Tim over at The Mess That Greenspan Made writes about why the Fed is immoral and I can hardly improve on it. You should read the whole thing. Once you’re done with that, read about why our crisis will deepen even further instead of getting better over at Cafe Americain. I believed when I first saw Obama that as President that he reminded me of JFK in that he was highly inexperienced and seemed to be running around listening to a lot of supposedly smart people instead of making decisions on his own. This level of inexperience got us into the Vietnam War with JFK and it’s liable to do something similar again with Obama though I would hazard a guess that the war will be one fought on internal grounds in the finance industry and government.
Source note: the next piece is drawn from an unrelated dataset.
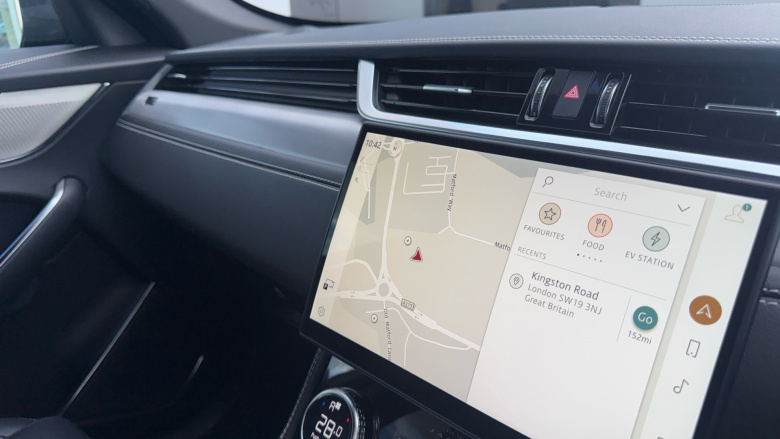 Jaguar F-Pace 2.0 P400e R-Dynamic SE 5dr Auto AWD Estate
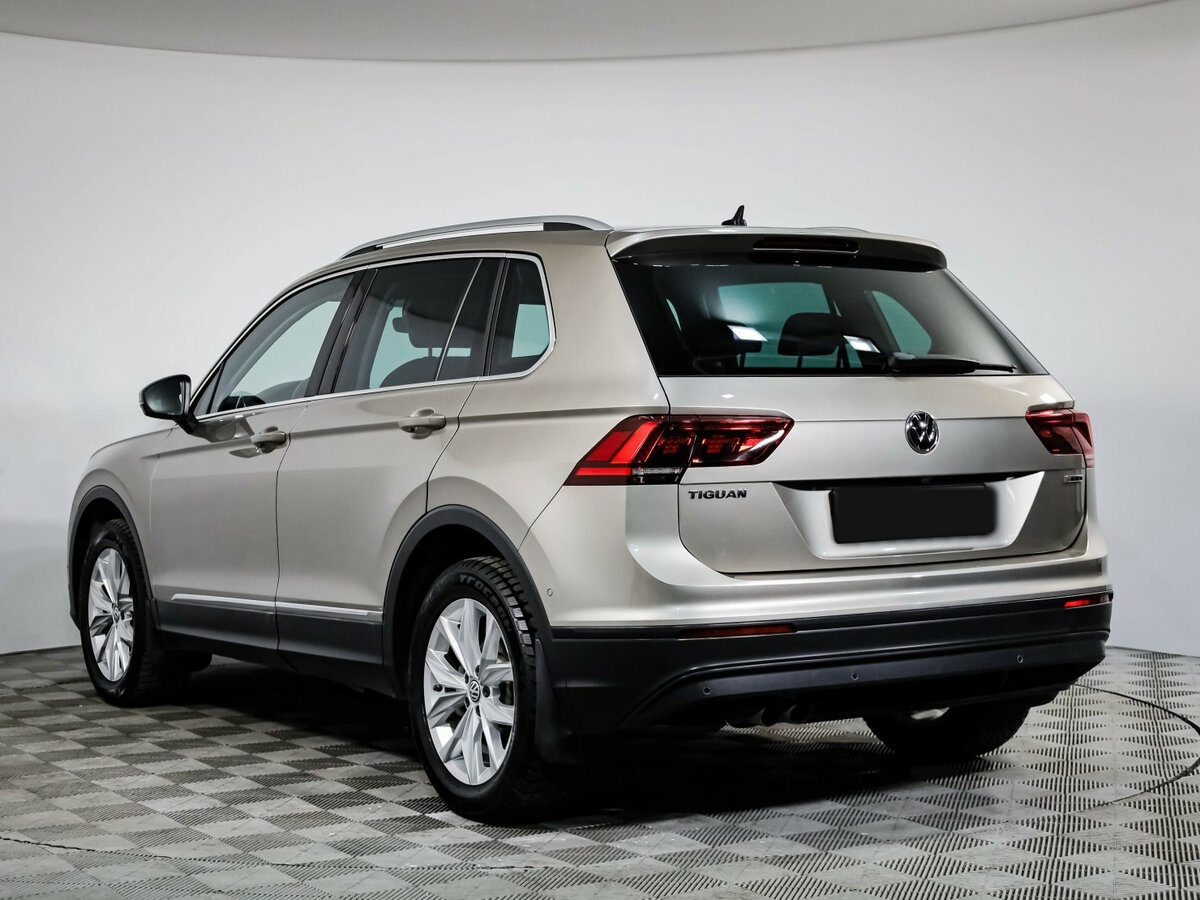 Volkswagen Tiguan с пробегом — 2020 год. Фото: #6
When you lack experience to make hard decisions, you will almost always make the wrong ones. We are seeing this continually with this administration and while I do believe that he is well-spoken and well-meaning, I don’t believe he is capable of the job we have given him. It is likely to only get worse as time goes on. There is little support for the stock price surge we have been seeing since March and the U.S. dollar is under fairly heavy pressure. We are likely to see a a big fall in both starting sometime in September just about the time that the American public decides it is OK to start putting money back into the market. The result will be both obvious and terrible.
August 12, 2009 at 10:35 pm
um, wow. so then, the experience of leadership in the great state of texas somehow absolves bush of responsibility for the iraq and afghanistan conflicts, a disastrous fiscal policy based on a legacy of foolhardy neoconservative deficit theory and a series of (admittedly debatable) maneuvers to undermine the official oversight guaranteed to congress and the supreme court?
i’m not saying obama’s doing a good job at all (he’s not), but clearly the last 8 years have shown that experience in making the hard decisions counts for jack. “[while] he is well-spoken and well-meaning, I don’t believe he is capable of the job we have given him” describes our former president about perfectly. except for the “well-spoken” part.
August 13, 2009 at 7:14 am
Nope but then if I spent my time writing about how much previous presidents sucked, that’s pretty much all I’d write about. Which might be an improvement, who knows.
My feeling on the Bush presidency is that his errors weren’t so much based on inexperience as they were his slightly idealized belief in the rightness and power of America which was likely co-opted by lots of people with influence. Does that make him any less responsible? No. But it may give us a different insight into why our government did what it did. Also, if you’re going to equate Iraq with Afghanistan, I think you’re going to be swimming pretty hard upstream.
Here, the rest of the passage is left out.